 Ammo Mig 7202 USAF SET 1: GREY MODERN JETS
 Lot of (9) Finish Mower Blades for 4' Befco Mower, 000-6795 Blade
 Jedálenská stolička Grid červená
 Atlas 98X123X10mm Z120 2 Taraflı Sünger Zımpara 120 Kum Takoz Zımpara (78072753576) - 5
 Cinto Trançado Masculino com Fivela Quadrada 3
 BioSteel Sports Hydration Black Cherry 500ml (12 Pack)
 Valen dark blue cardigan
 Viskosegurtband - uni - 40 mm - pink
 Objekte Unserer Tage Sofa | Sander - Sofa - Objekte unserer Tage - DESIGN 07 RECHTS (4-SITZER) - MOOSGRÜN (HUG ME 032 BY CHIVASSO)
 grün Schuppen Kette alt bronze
※
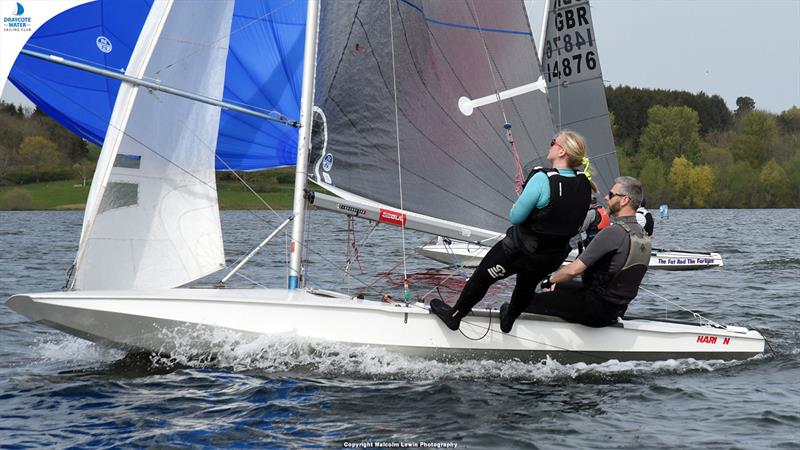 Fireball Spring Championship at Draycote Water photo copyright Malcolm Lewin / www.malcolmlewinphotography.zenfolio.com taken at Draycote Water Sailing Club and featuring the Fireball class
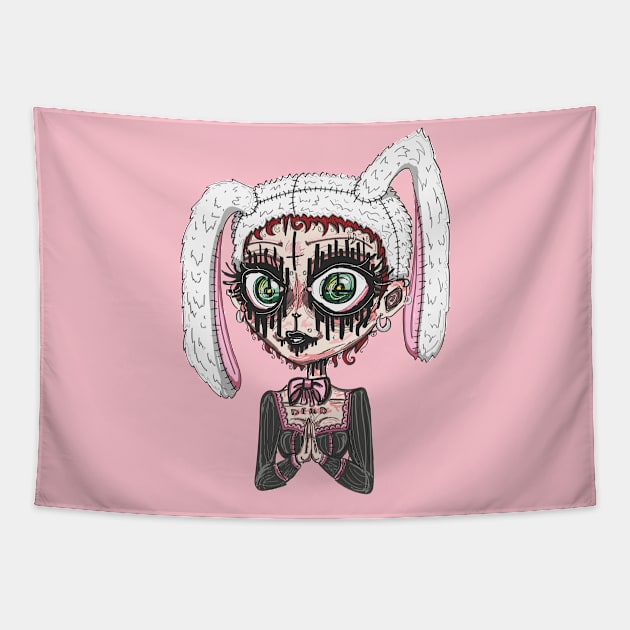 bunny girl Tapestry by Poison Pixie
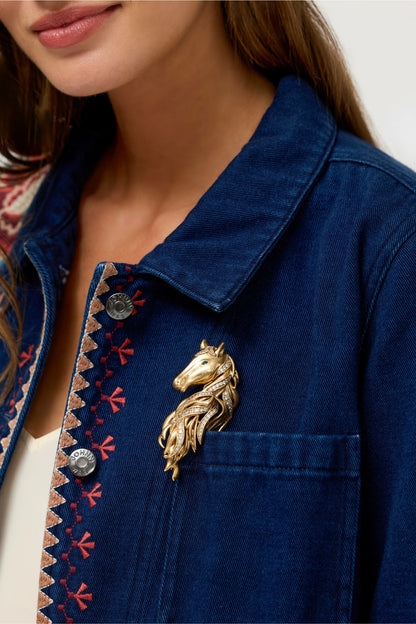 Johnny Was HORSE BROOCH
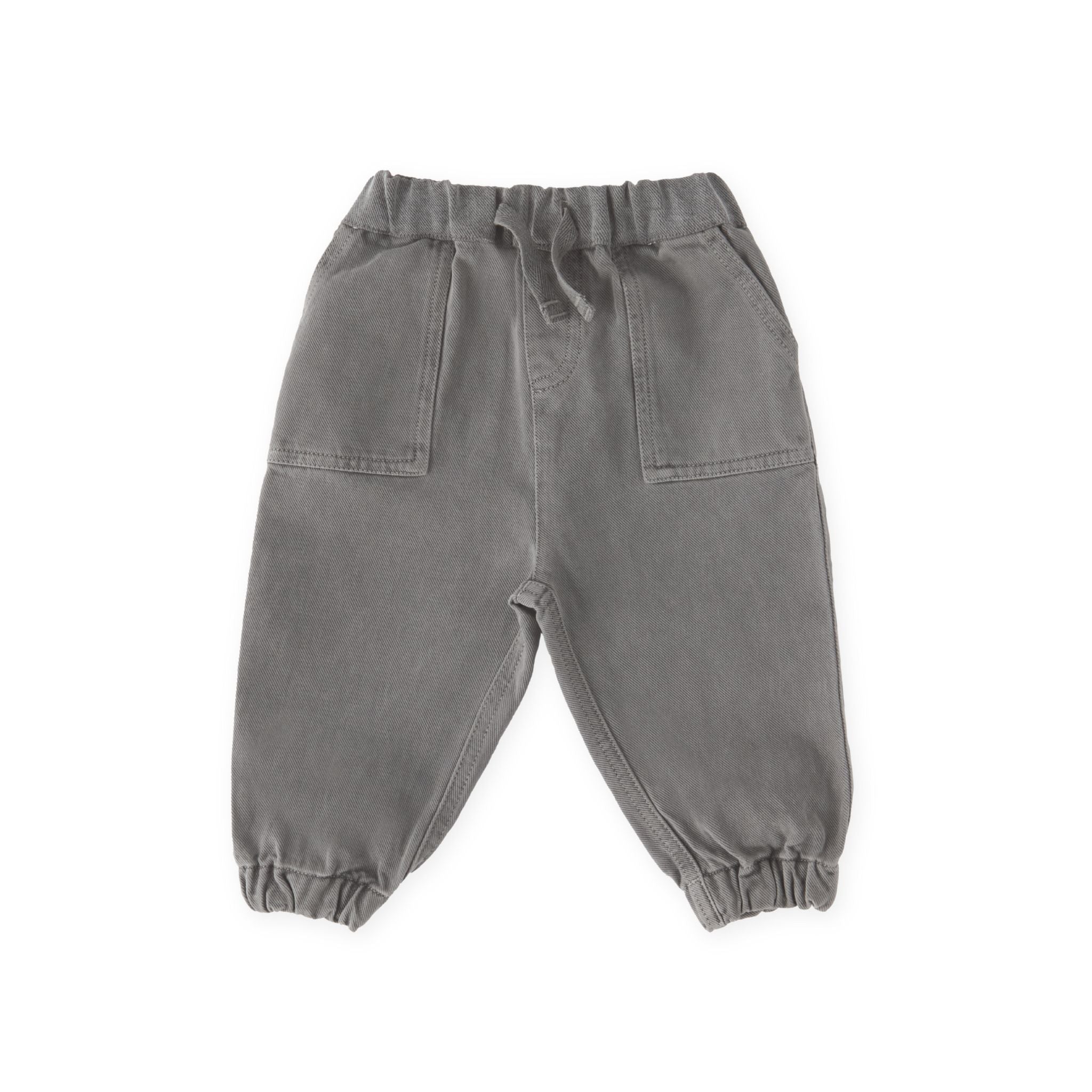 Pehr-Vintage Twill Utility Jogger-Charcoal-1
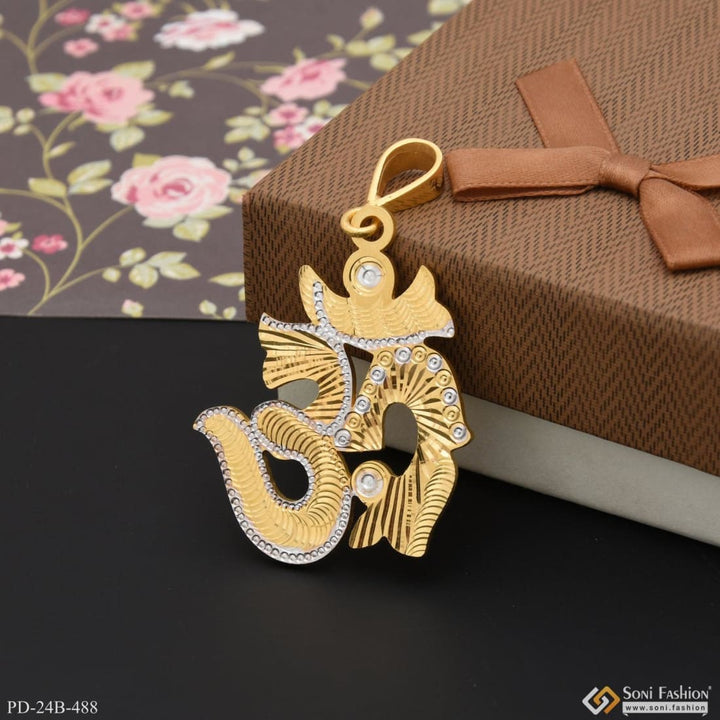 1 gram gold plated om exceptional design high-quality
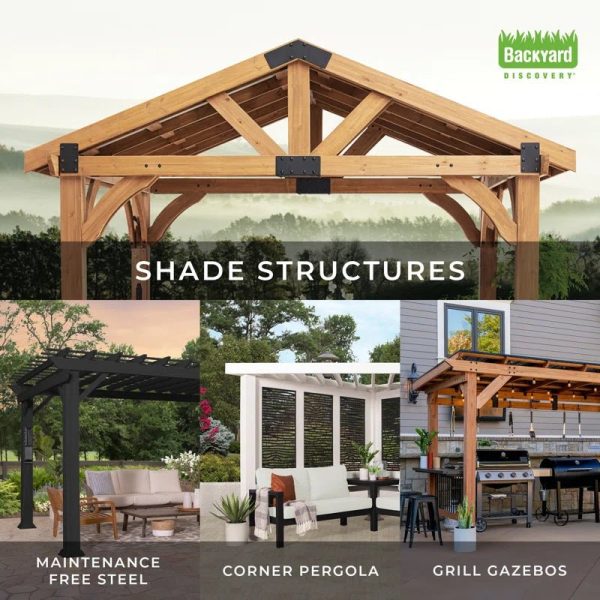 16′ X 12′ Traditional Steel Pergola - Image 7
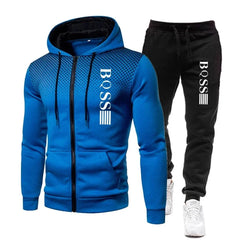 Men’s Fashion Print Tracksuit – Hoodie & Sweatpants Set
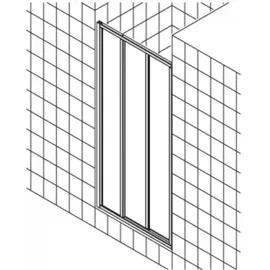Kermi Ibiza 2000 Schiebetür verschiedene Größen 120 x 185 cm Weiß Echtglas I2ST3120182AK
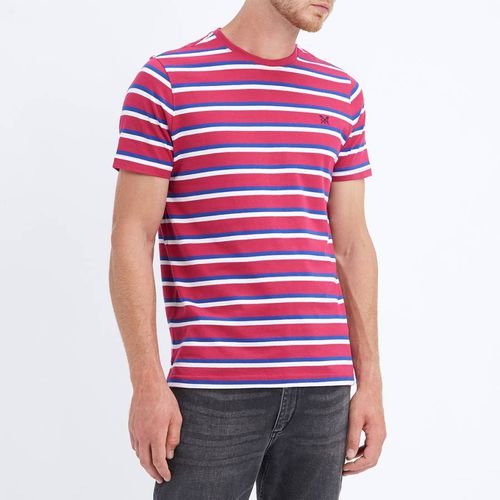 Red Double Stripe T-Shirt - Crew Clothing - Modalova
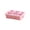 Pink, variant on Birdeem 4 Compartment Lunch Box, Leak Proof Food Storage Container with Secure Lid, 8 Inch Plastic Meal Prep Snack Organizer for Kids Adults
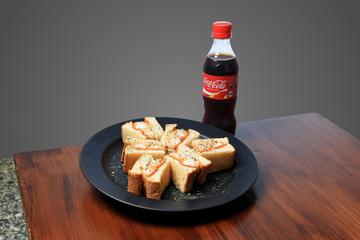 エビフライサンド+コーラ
※
TASK TO CARRY OUT =>
Starting at the line above with "Pink, variant on", output every line exactly up to and including the line with "エビフライサンド+コーラ", but none of the pictures.

SOLUTION TO THIS TASK =>
 Pink, variant on Birdeem 4 Compartment Lunch Box, Leak Proof Food Storage Container with Secure Lid, 8 Inch Plastic Meal Prep Snack Organizer for Kids Adults
 エビフライサンド+コーラ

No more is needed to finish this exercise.